Thursday, 8 September 2011

Talk Talk redundancies - 575 jobs go walk walk

It is pretty bad form when you find you are being made redundant through Facebook, but it seems that is what happened to workers at UK telecommunications company Talk Talk's branch in Waterford.  The company is simply upping sticks and taking its call centre operation to Asia, where people can afford to work for as little as €2,400 per annum.  Without warning.

No doubt Ibec will have words of non-wisdom to say on issues of "competitiveness", wage costs and all the rest.  The fact however, is that we in western Europe cannot compete with such salaries, as our cost of living is much higher.  I can't imagine much demand for €500,000 houses in Delhi, for instance.  I certainly didn't see much evidence of such during the two occasions I visited, anyway.

Talk Talk also cited Eurozone fluctuations  -  but such things are transient, and other companies that do not work through Sterling still manage to operate here.  And are the Indian Rupee or the Philippine Peso tied to Sterling?  

So really, you have to look at Ireland's over-dependent strategy of basing employment on the multinationals...  It might have worked in the past, thanks to the fact that we are mother-tongue English speakers and the avoidance opportunities offered by Ireland's corporate tax laws, but it is something other countries can do now - for far cheaper.

It is not multinationals alone, however.  "Outsourcing" is a buzzword these days, and indigenous Irish companies indulge too.  In Britain, even  those in jobs they might have considered immune to such a practice - journalism, for example - have been hit.   Reuters outsourced parts of its operation to Singapore in 2004, and the Daily Mirror did the same in 2006.

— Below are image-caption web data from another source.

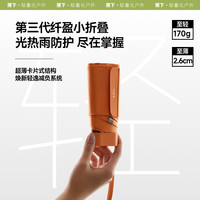 蕉下 Beneunder卡片太阳伞BM66625防紫外线六折遮阳伞晴雨两用女折叠防晒伞 柠檬酒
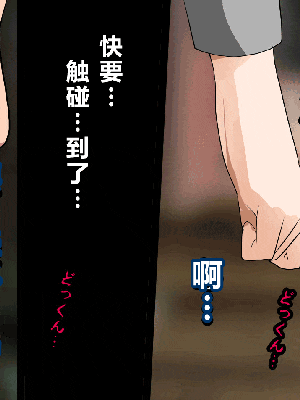 [R君自翻] [サークルENZIN] 催眠性教育 第十二话_210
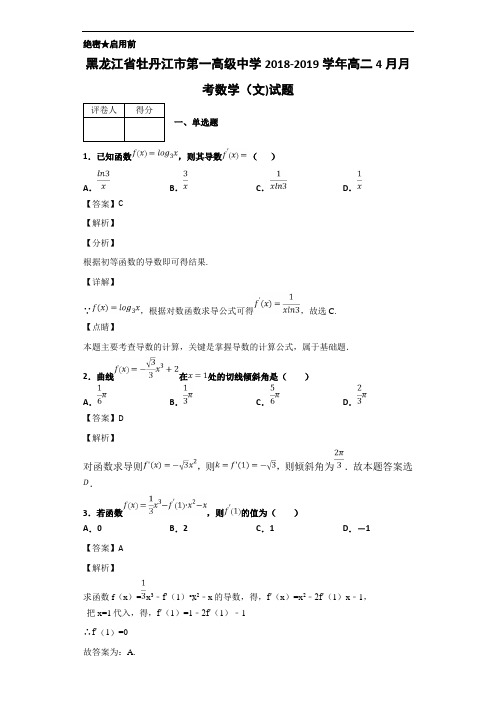 2018-2019学年黑龙江省牡丹江市第一高级中学高二4月月考数学(文)试题 解析版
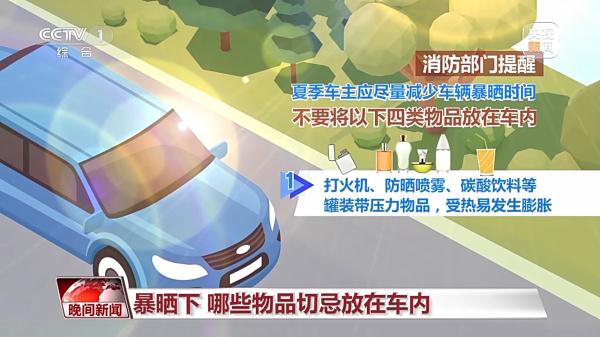 高温天行车 这些安全常识要注意
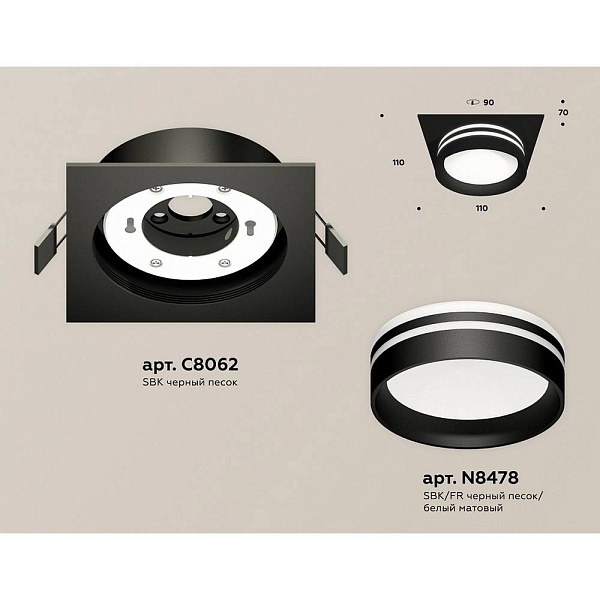 Светильник встраиваемый AMBRELLA LIGHT XC XC8062021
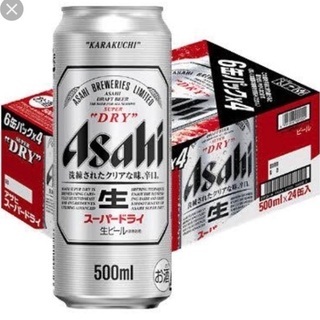 アサヒ スーパードライ 500ml 350ml 3箱セット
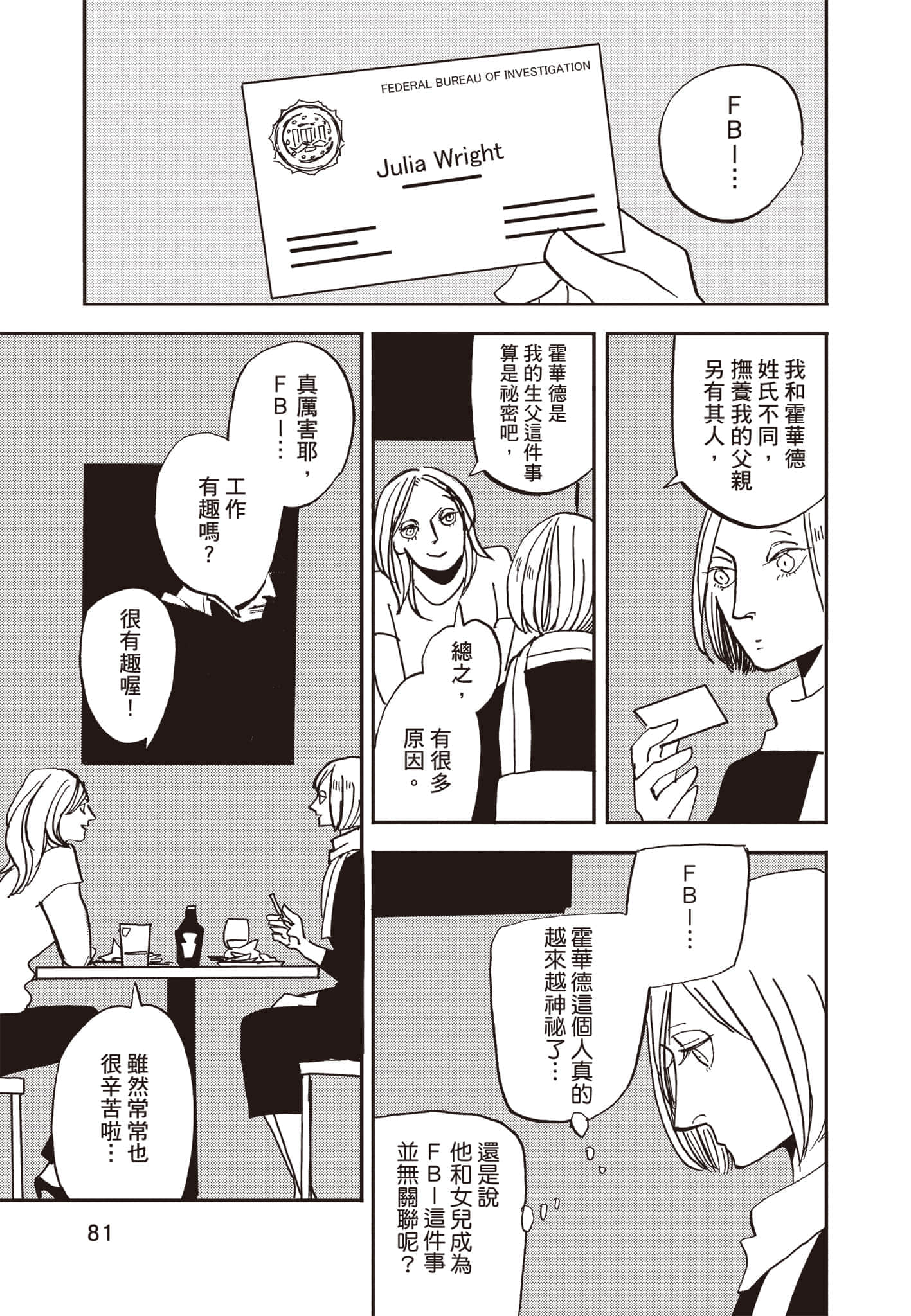 第 82 页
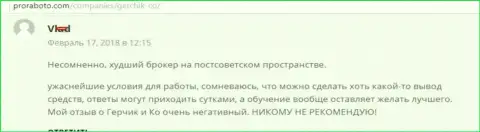 Герчик и Ко худший Форекс дилинговый центр на постсоветском пространстве, отзыв трейдера указанного форекс брокера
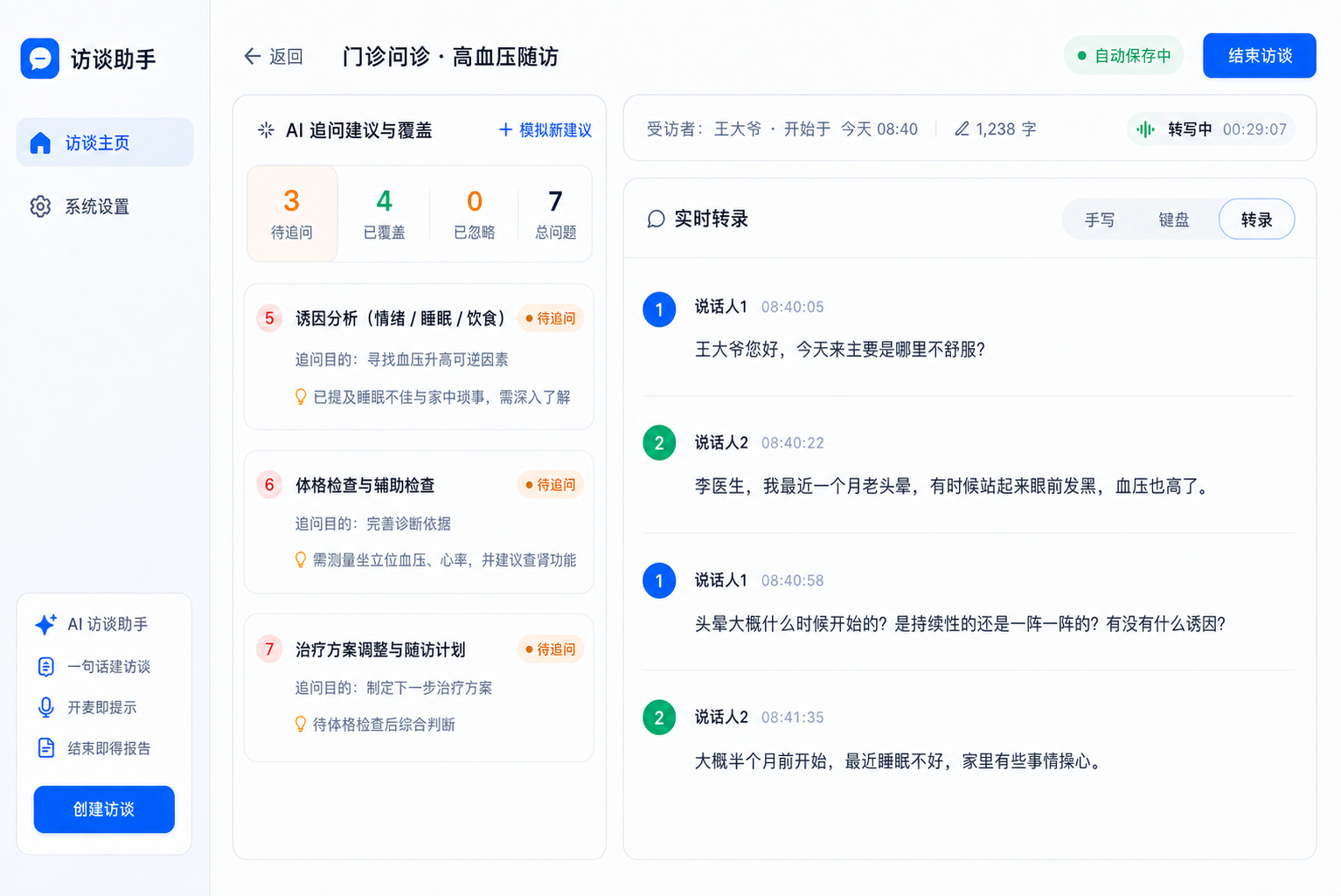 iPad 抽卡 05 · 访谈进行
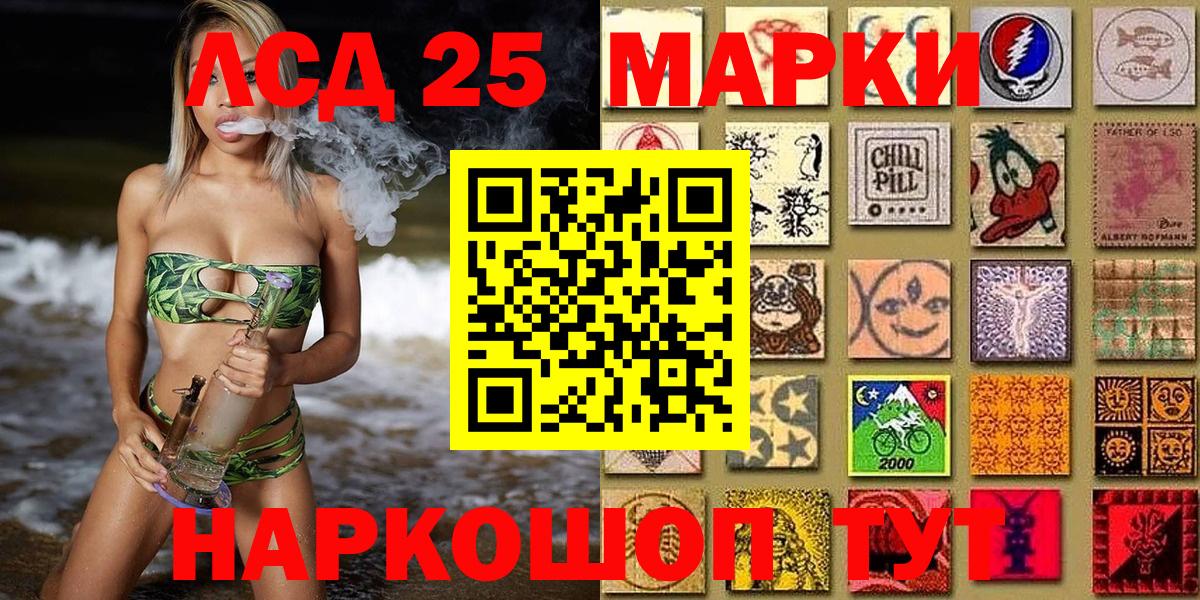 Марки NBOMe 1,5мг  Марки 25I-NBOMe  Мурино  Вход с VPN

Indeed, if you think about it, it is hard to imagine any job which does not require a physical presence at the point of sale that could not, theoretically, be outsourced.

And where does that leave us all?  Companies end up cutting into their own domestic markets because we are all on the dole, our jobs having gone east.   Maybe companies that readily outsource might not notice the disappearance of their Irish markets, but they would if the same were to happen in the larger EU economies.

Countries like India widely use forms of protectionism, in the form of tariffs, to develop their own economies.   Perhaps it is time that we in Europe did the same for multinational companies operating within the EU, at least in the form of an obligatory code of conduct?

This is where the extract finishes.